オフェンスのまとめ② 〜モーションオフェンス〜

みなさん、こんにちは。

オフェンスのまとめ、第2弾。今日はアメリカから帰ってきて一番最初に勉強した「モーション・オフェンス」について、現段階での自分の考え方をまとめてみようと思います。

自分は常々、選手個々の判断で自由に相手の裏をかくようなオフェンスを理想と思っています。そうしたことから「モーション・オフェンス」を勉強するようになりました。2003年にコーチ留学に行った時も、モーション・オフェンスの大家の二人を訪ねました。ユタ大学(当時)の名将、故リック・マジェラスコーチとデューク大学のコーチKことマイク・シャシェフスキーコーチのもとで、モーション・オフェンスを学びました。

また幸運にも日本でこのモーション・オフェンスの第一人者である小野秀二さんの下で働ける機会も頂いたのです。偶然ですが、本当にありがたいことでした。

このオフェンスのメリットは主に以下の通りです。

・スペースが良い(良いスペーシングを強調する)

・ボールが動く(パッシングが強調される)

・動きがある(カッティング、スクリーンが自然発生する)

・スカウティングができない(決まった動きがないので、相手にスカウティングされにくい)

・ディフェンスに対応されにくい(ディフェンスに対応して動きが決まるので、相手がディフェンスを工夫しても対応できる。そのため、ディフェンス側に対応されることが少ない。)

・セットオフェンスからモーションオフェンスの移行が容易で、セットオフェンスを守られても対応できる。(選手がディフェンスを読めるようになる)

一方でデメリットは以下のように自分は考えています。

・習熟に時間がかかる。

・フィジカルなディフェンスをしてボールと人の動きを止められると機能しにくくなる。

・シュートを打つ人やパスを出す人をコントロールできない。そのため、試合終盤の重要な場面でエースがボールに絡まないこともありうる。オフェンスが次何をするか、誰が攻めてくるかわからない強みがあるが、コーチや選手も誰がシュートを打つことになるかわからないということが弱みにもなりうる。

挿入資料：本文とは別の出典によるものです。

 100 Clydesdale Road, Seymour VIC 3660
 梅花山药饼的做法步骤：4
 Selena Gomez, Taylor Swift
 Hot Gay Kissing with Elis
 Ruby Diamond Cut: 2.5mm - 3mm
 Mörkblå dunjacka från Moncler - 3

モーション・オフェンスは5人全員が自分の役割をしっかりと理解し、お互いの得意なこと、不得意なことをしっかりと理解してプレーしなければ土壇場では機能しません。例えば、オープンだからと不得意なところからシュートを連発するような選手がいたら、相手の思う壺になってしまいます。逆にどんなに能力があっても、パスを出せない(出さない)選手がいると、1対1ばかりになってしまいます。

 

自分は大阪エヴェッサではモーションオフェンスを指導しませんでした。これには以下の理由があります。

①外国人選手がいること。

アメリカでも「モーション・オフェンス」という名前で教えているチームはありますが、前述のユタ大学やデューク大学、もしくはボビー・ナイトコーチがいた頃のテキサステック大学や、ブルース・ウィーバーコーチのカンザス州立大学は選手の判断に委ねている部分が大きく、本当の意味での「モーション・オフェンス」と言えます。(ただし、チームUSAを指導してからのデューク大学のオフェンスは大きく変わりました。モーションオフェンスの部分は少なくなった印象があります。)

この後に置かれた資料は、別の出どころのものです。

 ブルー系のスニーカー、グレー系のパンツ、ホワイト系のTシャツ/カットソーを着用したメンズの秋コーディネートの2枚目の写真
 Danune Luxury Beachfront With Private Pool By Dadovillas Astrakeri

これらのチーム以外は自分の知る限りでは、「パターンオフェンス」を「モーション・オフェンス」と呼んで教えています。この春NCAAを制したビラノバ大学などもモーション・オフェンスと言いつつも、実際はパターンオフェンス、一種のシステムオフェンスです。

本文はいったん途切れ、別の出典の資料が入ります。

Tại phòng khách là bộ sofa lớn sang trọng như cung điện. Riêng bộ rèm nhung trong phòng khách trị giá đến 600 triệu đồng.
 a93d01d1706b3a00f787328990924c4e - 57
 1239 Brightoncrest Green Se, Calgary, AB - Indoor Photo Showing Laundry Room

高校でも中学でもセットプレーやシステム、パターンオフェンスでの指導が多いアメリカの選手に本家本元のモーションオフェンスを指導するのは難しい、と自分は感じました。また大阪での1年目は外国籍選手合流から準備期間が開幕まで3週間しかなかったこともモーションオフェンスを断念した理由の一つでした。

②日本人との連携やコミュニケーションが難しいこと。

モーションオフェンスを習熟させるためには選手同士でのコミュニケーションが重要となってきます。この時、どうチームメイトに動いて欲しかったのか、自分は何をしたかったのか、など毎回の練習で選手同士で詰めていくことが理想となります。そのため、数年単位で同じチームでやる、という前提でもない限り、本当に強いチームを作るのは難しいと判断しました。

 

一方でモーションオフェンスは習熟が難しいと言っても、バスケットボールで一番大切な相手との駆け引きやスペーシングを教えることができますし、実際、導入には1日しかかかりません。なので今でも中学〜大学生のチームを教える時には教えますし、このオフェンスはオススメです。

WJBLの女子のチームなら合う気がします。コミュニケーションがしっかり取れますし、パスがうまい選手が多いので、良い形になると思います。一方で外国籍選手が複数いる男子のプロチームなどでは、自分は教えない道を選ぶ気が今のところはしています。チーム作りの時間がないですし、もう少し違うオフェンスを今は目指す気がします。

それがどんなオフェンスなのかはまた今度。。。

今回はあくまで自分の意見であって、モーション・オフェンスは良いオフェンスですし、外国籍選手がいても指導はもちろん可能です。今の自分は採用するとしたらWJBLのチームだったり、学生などに限られる、と言っているだけです。

ではどんなオフェンスが良いのか?

これはまた前回記したペイント内の得点目標などにも絡めて話をしていきたいと思います。